---------- RECORDED INFORMATION ----------
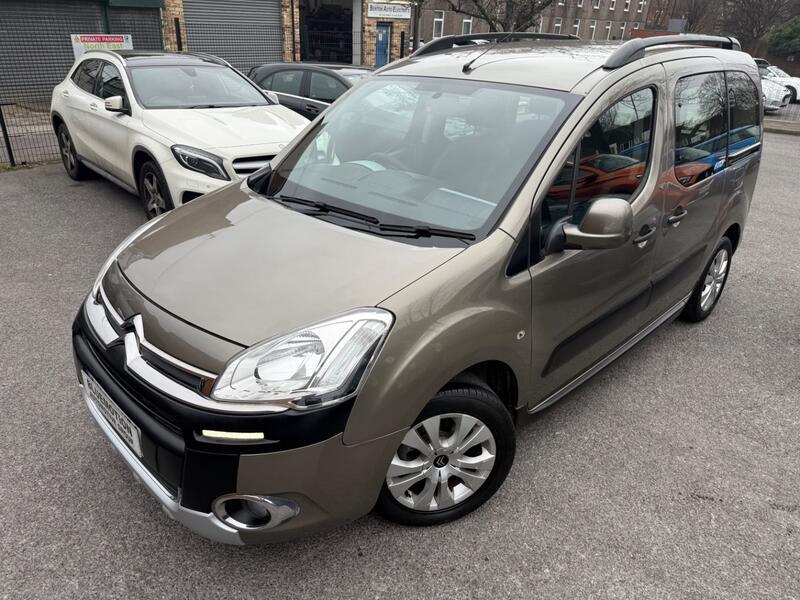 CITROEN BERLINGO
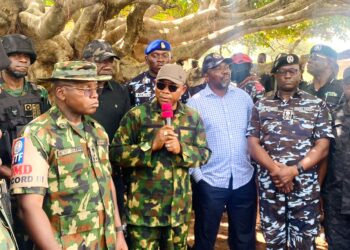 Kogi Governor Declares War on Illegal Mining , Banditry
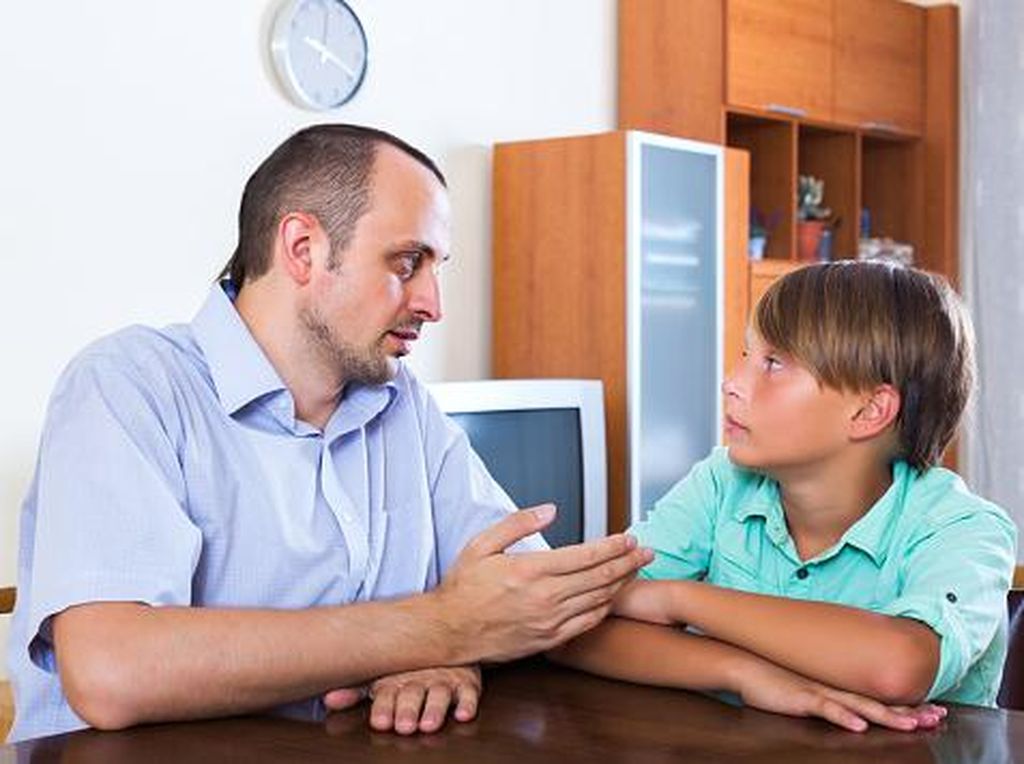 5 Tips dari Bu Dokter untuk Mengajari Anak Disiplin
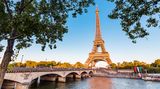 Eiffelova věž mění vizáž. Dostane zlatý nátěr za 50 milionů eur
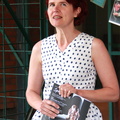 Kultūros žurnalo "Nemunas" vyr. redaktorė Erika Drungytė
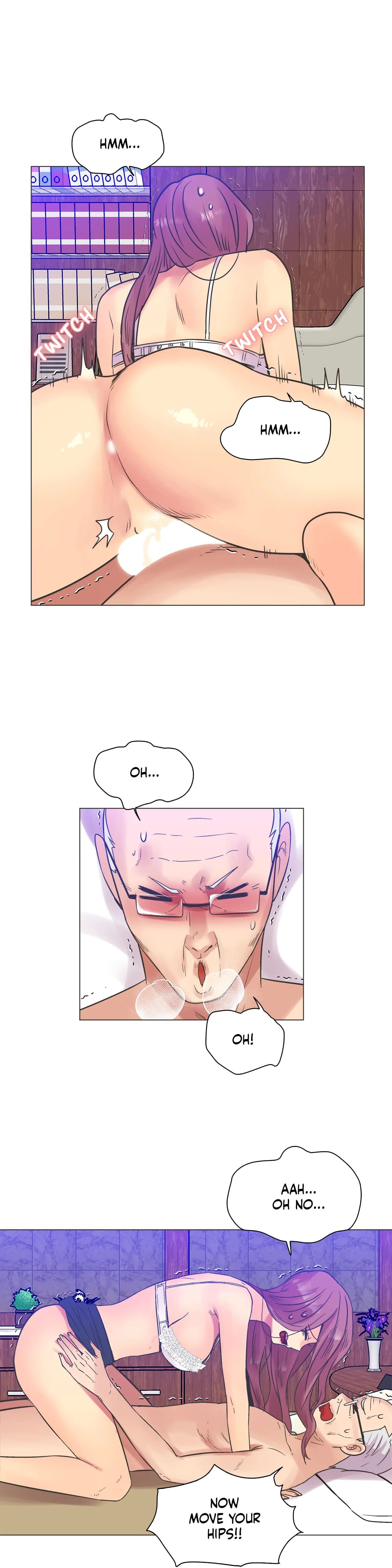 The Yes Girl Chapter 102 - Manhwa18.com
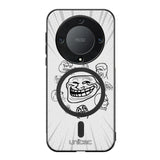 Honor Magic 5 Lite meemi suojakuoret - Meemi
----------
---------- RECORDED INFORMATION ----------
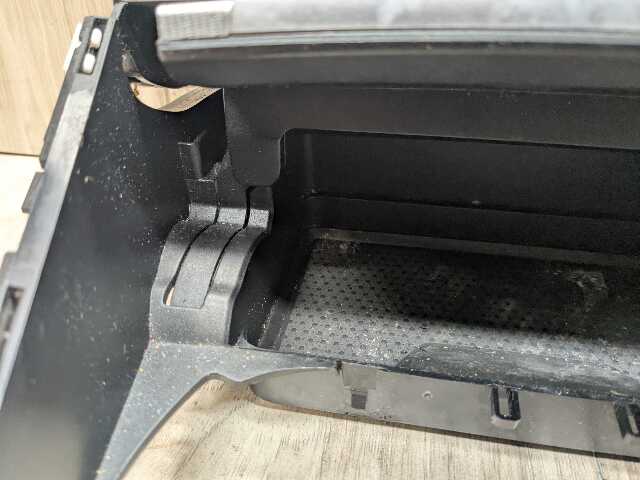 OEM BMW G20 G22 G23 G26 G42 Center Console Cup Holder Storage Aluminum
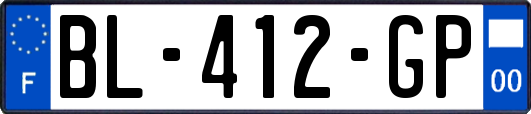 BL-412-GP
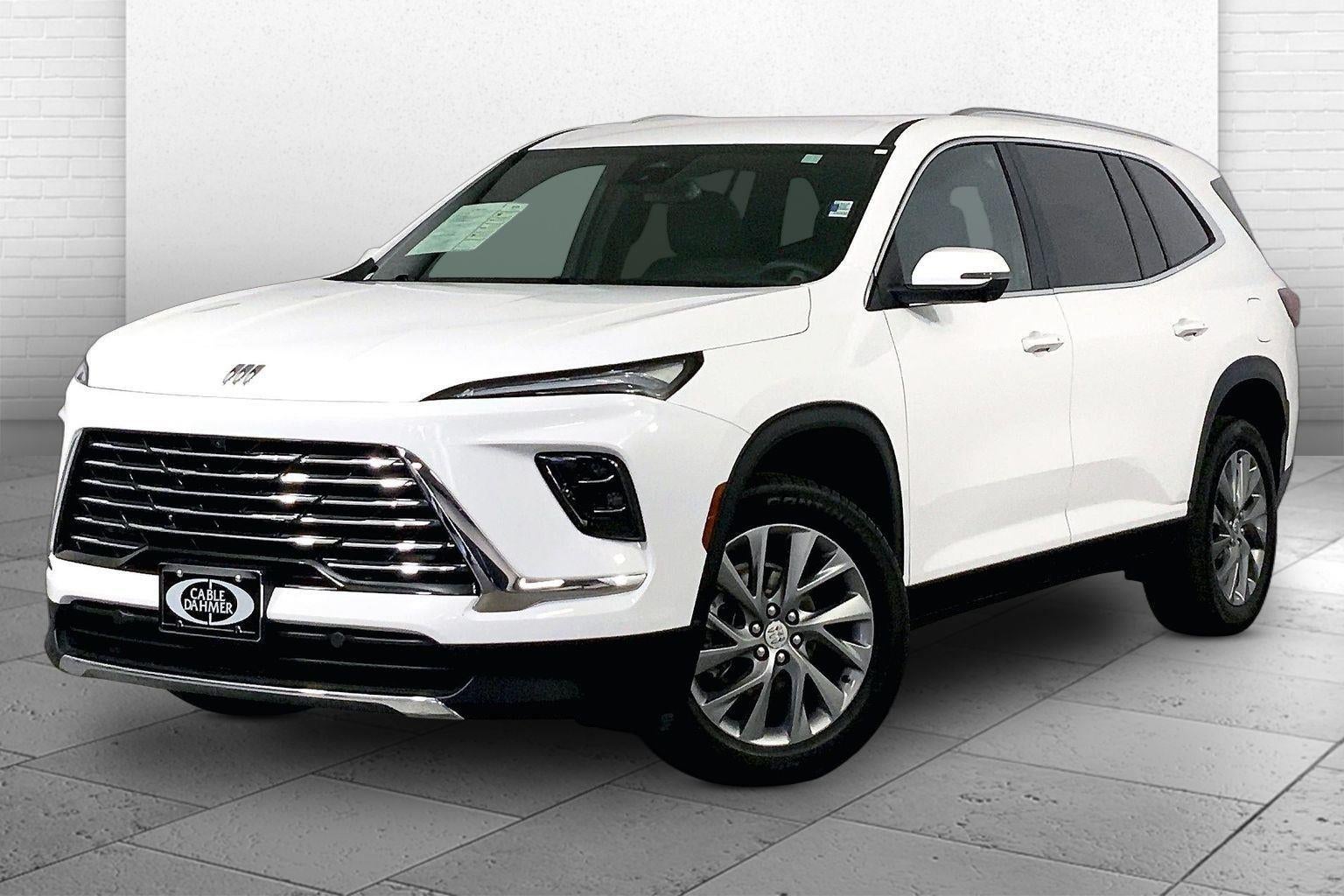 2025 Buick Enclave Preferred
----------
---------- RECORDED INFORMATION ----------
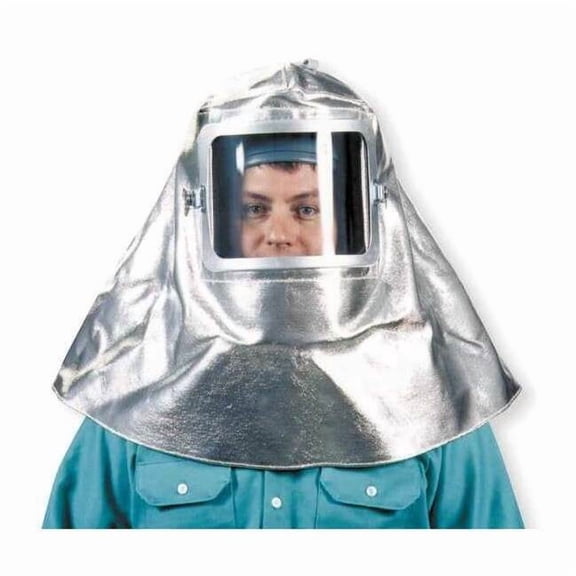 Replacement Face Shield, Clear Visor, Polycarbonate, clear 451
----------
## WHAT NEEDS TO BE DONE
Return the material from the line containing "Eiffelova věž mění" through the line containing "Honor Magic 5 Lite meemi suojakuoret - Meemi", exactly and in full, but without its pictures.

## YOUR RESPONSE
 Eiffelova věž mění vizáž. Dostane zlatý nátěr za 50 milionů eur
 Kultūros žurnalo "Nemunas" vyr. redaktorė Erika Drungytė
 The Yes Girl Chapter 102 - Manhwa18.com
 Honor Magic 5 Lite meemi suojakuoret - Meemi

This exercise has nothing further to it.